Data shown:
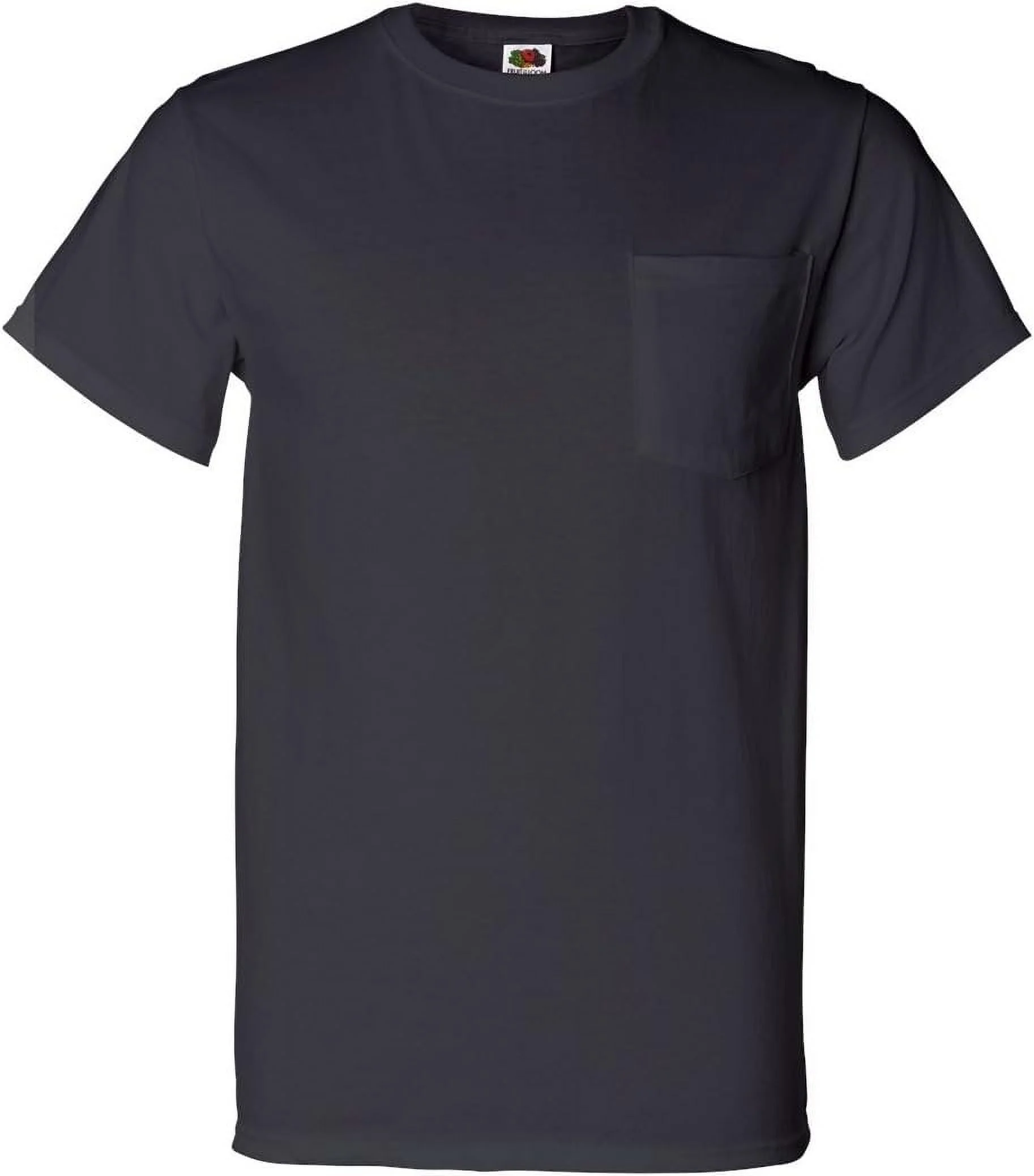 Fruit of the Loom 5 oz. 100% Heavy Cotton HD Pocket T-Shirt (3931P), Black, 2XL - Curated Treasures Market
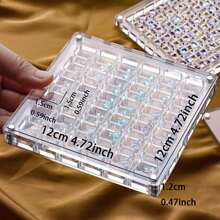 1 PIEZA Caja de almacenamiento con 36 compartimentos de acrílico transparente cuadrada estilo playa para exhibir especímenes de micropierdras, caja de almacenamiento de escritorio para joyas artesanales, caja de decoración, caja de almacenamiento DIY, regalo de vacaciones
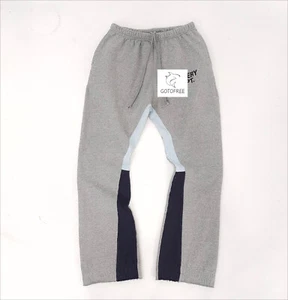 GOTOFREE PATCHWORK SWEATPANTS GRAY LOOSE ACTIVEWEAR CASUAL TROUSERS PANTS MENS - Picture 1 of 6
---
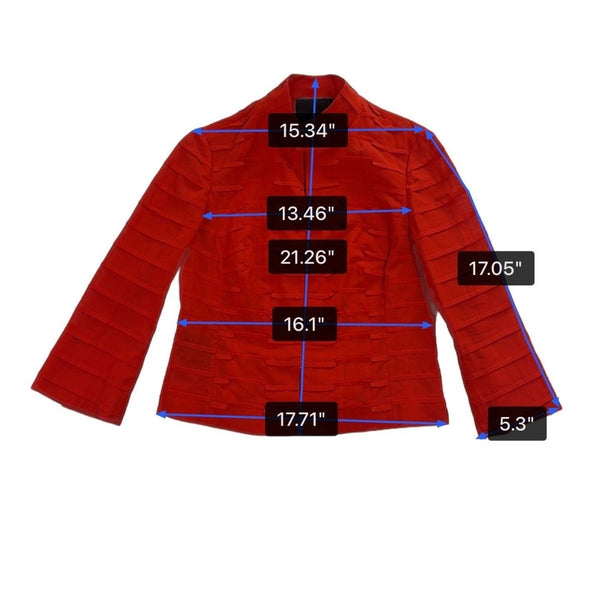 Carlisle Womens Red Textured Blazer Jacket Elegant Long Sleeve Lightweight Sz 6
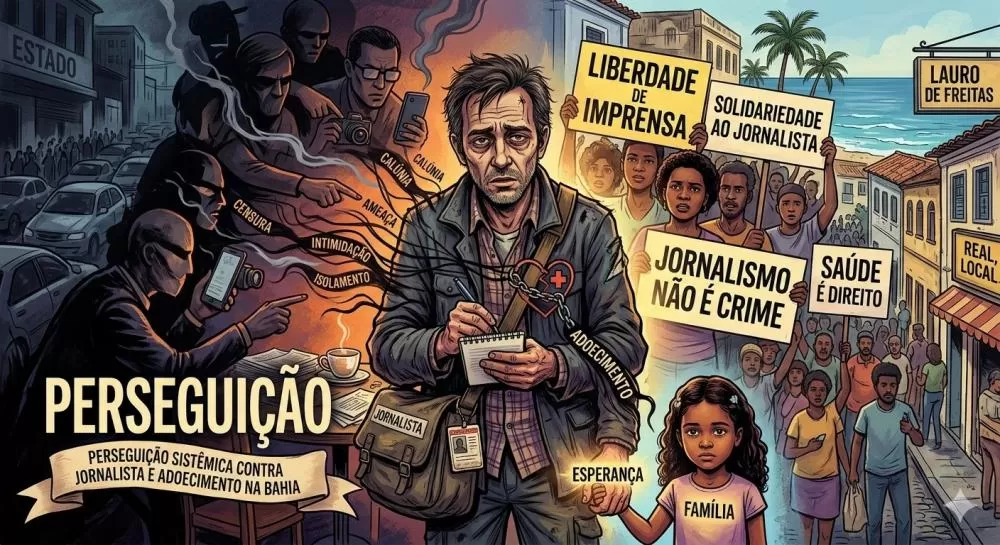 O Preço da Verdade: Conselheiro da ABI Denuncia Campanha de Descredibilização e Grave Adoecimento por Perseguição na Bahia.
==
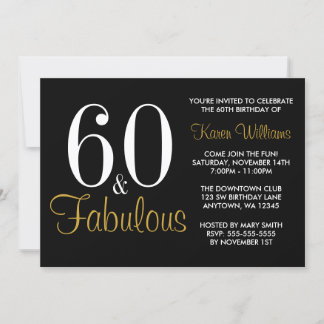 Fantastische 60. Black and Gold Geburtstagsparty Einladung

Exercise objective: Though the entries above contain pictures, none should be copied; reproduce only the lines between the one holding "Fruit of the" and the one holding "GOTOFREE PATCHWORK SWEATPANTS", inclusive, exactly as written.

Solved exercise:
 Fruit of the Loom 5 oz. 100% Heavy Cotton HD Pocket T-Shirt (3931P), Black, 2XL - Curated Treasures Market
 1 PIEZA Caja de almacenamiento con 36 compartimentos de acrílico transparente cuadrada estilo playa para exhibir especímenes de micropierdras, caja de almacenamiento de escritorio para joyas artesanales, caja de decoración, caja de almacenamiento DIY, regalo de vacaciones
 GOTOFREE PATCHWORK SWEATPANTS GRAY LOOSE ACTIVEWEAR CASUAL TROUSERS PANTS MENS - Picture 1 of 6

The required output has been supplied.